The Friars and the Industrials lived up to the expectations set for the Monday night marquee matchup, as both teams were considered to be the two front-runners to clinch the AL title (although the regrouped PF Flyers may have something to say about that…) Game 1 featured a classic pitcher’s duel between top hurlers Andy Ross for the Friars vs. Steve Everett of the Indies. In a game that saw 9 innings and nearly 40 strikeouts between the two pitchers, a late case of arm numbness and wild control by Ross allowed for game’s lone run to be scored on from an RBI walk by the Industrials’ Daryl Hutson. One may think that the 9th inning may have been the climax of the night, but no one was prepared for what would transpire later on in the evening.
Game 2 was in line to be another classic, as the Friars put Kevin “The Icon” Marszalek on the mound to face Brian Meyers. Marz found trouble in the middle innings, and gave up 4 runs, mostly coming off the bats of Meyers and Everett, who went back-to-back with some yard work. Meyers quickly gave 3 of the runs back in the next inning, but the Indies padded the lead with 2 more late runs, including a bomb from Zac Adams, putting them up 6-3 going into the 6th inning. That’s when history came knocking!

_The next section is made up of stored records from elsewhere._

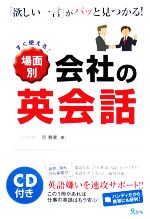 すぐ使える!場面別会社の英会話 -(CD1枚付)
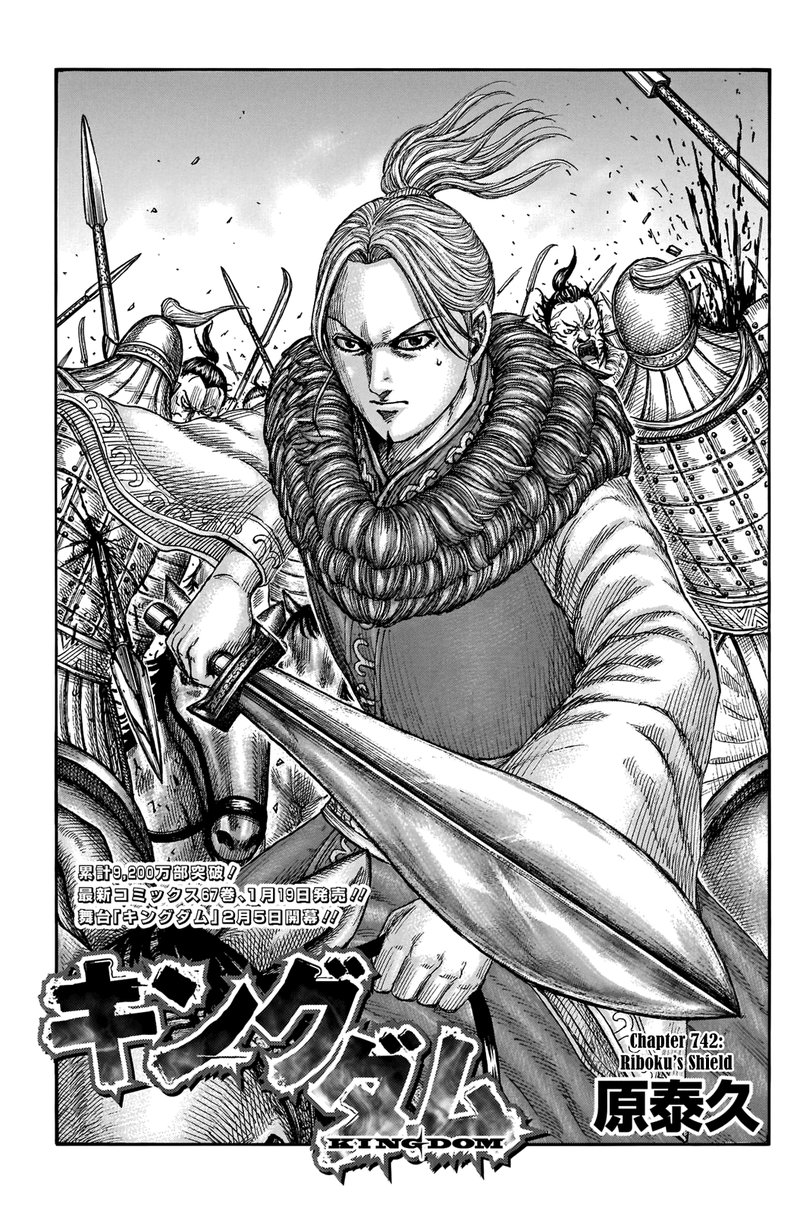 Chapter 742 - Page 1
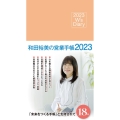 和田裕美の営業手帳(ローズピンク) 2023 W's Diary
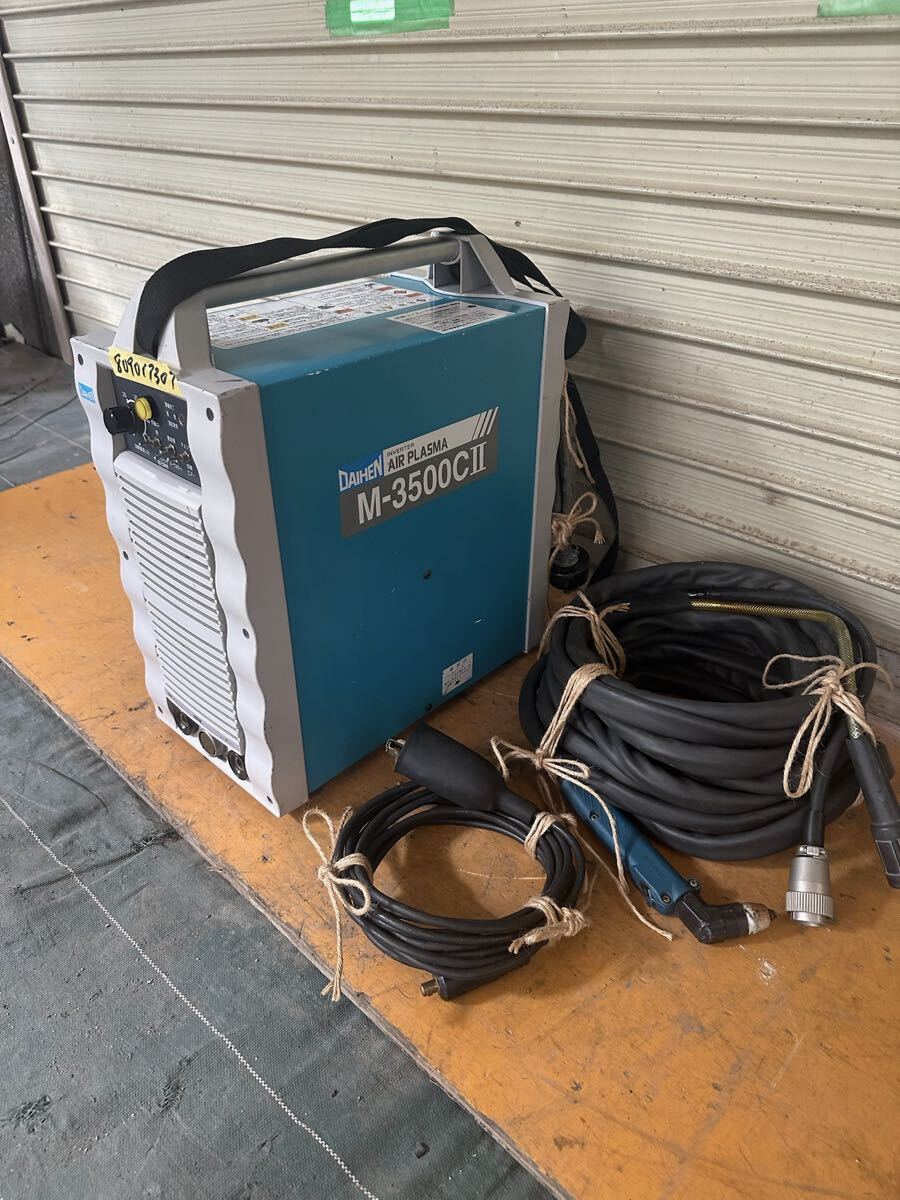 Daihen M-3500C2 Air Plasma Cutting Machine 200V [n1246115742]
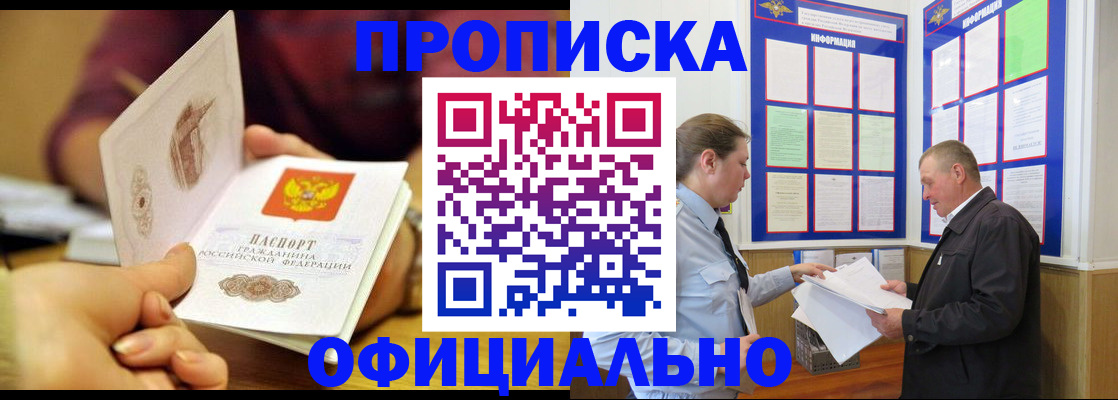 регистрация для дет. сада в Камчатском крае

Meyers, struggling with command all night, battled through a tough inning while walking Andy Ross and giving up a single to Ben Gladysz. With 2 outs, 2 on, and down 3 runs, the game fell on the shoulders of the defending league MVP Marszalek. Marz took a few pitches before Meyers hung a slider right into the slugger’s wheelhouse. Kevin connected, and the blast jetted towards the left field fence, where Everett (one of the league’s best defenders due to his Stretch Armstrong-like extremities) had taken off towards at the crack of the bat. In one amazing moment, Everett timed his leap just right, using every single inch of his 6’6” frame, to reach the ball at the height of his reach. The momentum of his body, however, was too great, carrying him over the outfield fence.
As the Industrials instantly celebrated, Marszalek and the Friars continued to round the bases. “That’s a home run!” shouted newly retired John Prihoda from the sidelines. The Friars agreed, while the Indies took the stance that since the ball was controlled, and the fielder took off from fair ground, that the ball would be an out, and the game would be over. Admirably, tempers and egos stayed in check as both teams whipped out their smartphones to try and google some sort of precedent on the ruling. I joked about calling Kalamazoo’s own Tim Welke, a Major League Baseball umpire and Western Michigan grad.
“I think I have his card!” Steve Everett proclaimed as he rushed for his wallet. Although the crowd had only thought Steve was joking, sure enough Everett pulled out the business card of not Tim, but his brother Bill Welke (also an MLB Umpire), which contained his cell phone number. Apparently Mr. Welke’s son plays sports at Marshall High School, where Everett is employed as an athletic trainer, and passed his contact info along to Steve. He wasted no time in dialing up the ump, and was shocked to find that Welke actually picked up!